İlginç bir şekilde, takımların faul çizgisine daha sık gelmeleri, faul atışlarındaki isabetlerinden daha önemli. Bunun birçok sebebi olabilir. Mesela daha fazla faul yaptıran takım potaya yaklaşma ilkesini benimsemiş olabilir; bu yüzden de, faul yapılmayan atışları daha isabetli olabilir. Veya daha fazla faul atışı demek rakip takımın oyuncularının faul sorunu yaşaması anlamına gelebilir. Bunun sebebi belli değil. Ancak, şut yüzdeleri eşit olursa daha az faul yapan takımların kazanma yüzdesi % 67. Yine de ben bu faktöre her zaman şüphe ile yaklaşıyorum.



Bir İnceleme


Aşağıdaki incelemede, 2012-2013 sezonu Euroleague Final Four'da bu dört etkenin katkısı görülebilir.

Team Maç PTS eFG% FTA/FGA TO OFF 4F
CSKA Moscow Maç 1 52 38.9 0.67 13 6 1
Olympiacos Maç 1 69 46.6 0.29 12 12 3
FC Barcelona Maç 2 67 48.2 0.25 13 7 1
Real Madrid Maç 2 74 44.9 0.25 10 16 2
CSKA Moscow Maç 3 74 47.6 0.34 11 11 2
FC Barcelona Maç 3 73 56.0 0.44 17 7 2
Olympiacos Maç 4 100 62.0 0.78 12 6 2
Real Madrid Maç 4 88 55.5 0.65 12 9 1


PTS: Sayı, eFG%: Etkin Sayı Yüzdesi, FTA/FGA: Faul Çizgisine Gitme oranı, TO: Top Kaybı, OFF: Hücum Ribaundu, 4F: Üstün Gelinen Dört Etken Sayısı









Tabloda, sonuçların yukarıda gösterilen dört faktör ile tutarlı olduğu görülüyor.

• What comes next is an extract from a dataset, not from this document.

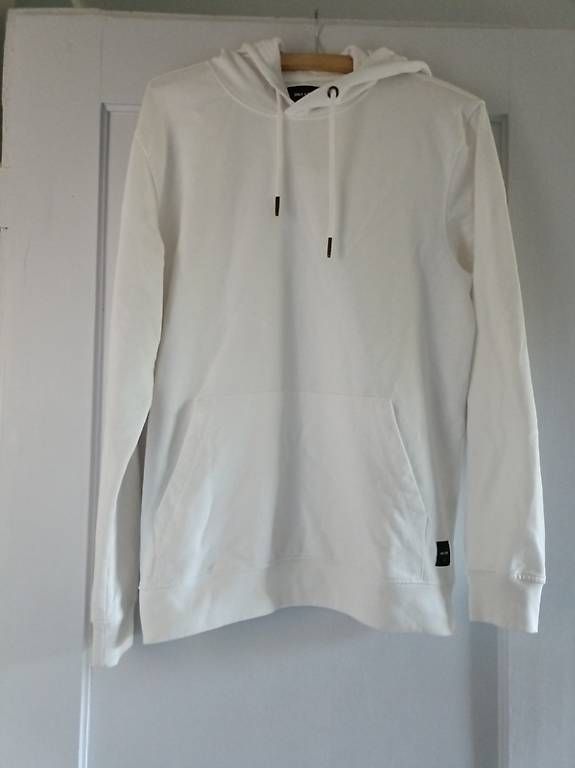 Pullover & Sweatshirts: Only & Sons Hoodie Gr. M – Neu und originalverpackt aus Sissach von jgt_6k76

Buna göre, kazanan takımlar dört maçta hangi faktörleri kaç kere daha iyi yapmışlar, ona da bakalım:
  • Şut Yüzdesi: 2/4
  • Top Kaybı: 3/4 (1 beraberlik)
  • Hücum Ribaundu: 3/4
  • Faul Çizgisi: 1/4 (1 beraberlik) 
 Çok çok iyi sonuçlar çıkmasa da, bunun en önemli sebebi örnek uzayımızı küçük seçmiş olmamız ve takımların normal liglere göre birbirine çok daha yakın güçlerde olmaları. Biraz daha büyük örnek uzayı ve tüm bir ligle daha iyi sonuç vereceğine eminim.

Sonuç



Aslında yukarıda bahsedilen şeyler bilinmeyen şeyler değil ama yine de bir kez daha üstünden geçmekte yarar var:

Basketbolda kazanmak istiyorsak,
  • Kolay sayılar bulmak, basit şutları değerlendirmek lazım,
  • Az top kaybı yapmak, tempoyu rakibe göre ayarlamak gerekli
  • Box-out'u iyi yapmalı, hücum ribaunduna optimum oyuncuyla girilmeli
  • Mümkün olduğunca potaya doğru penetre edip, faul alınmalı (her zaman tuttuğunu düşünmüyorum.)

Sevgiler...

* "Four Factors", basketbol analizlerinin bu aşamaya gelmesinde büyük katkısı bulunan Dean Oliver tarafından ortaya atılmıştır.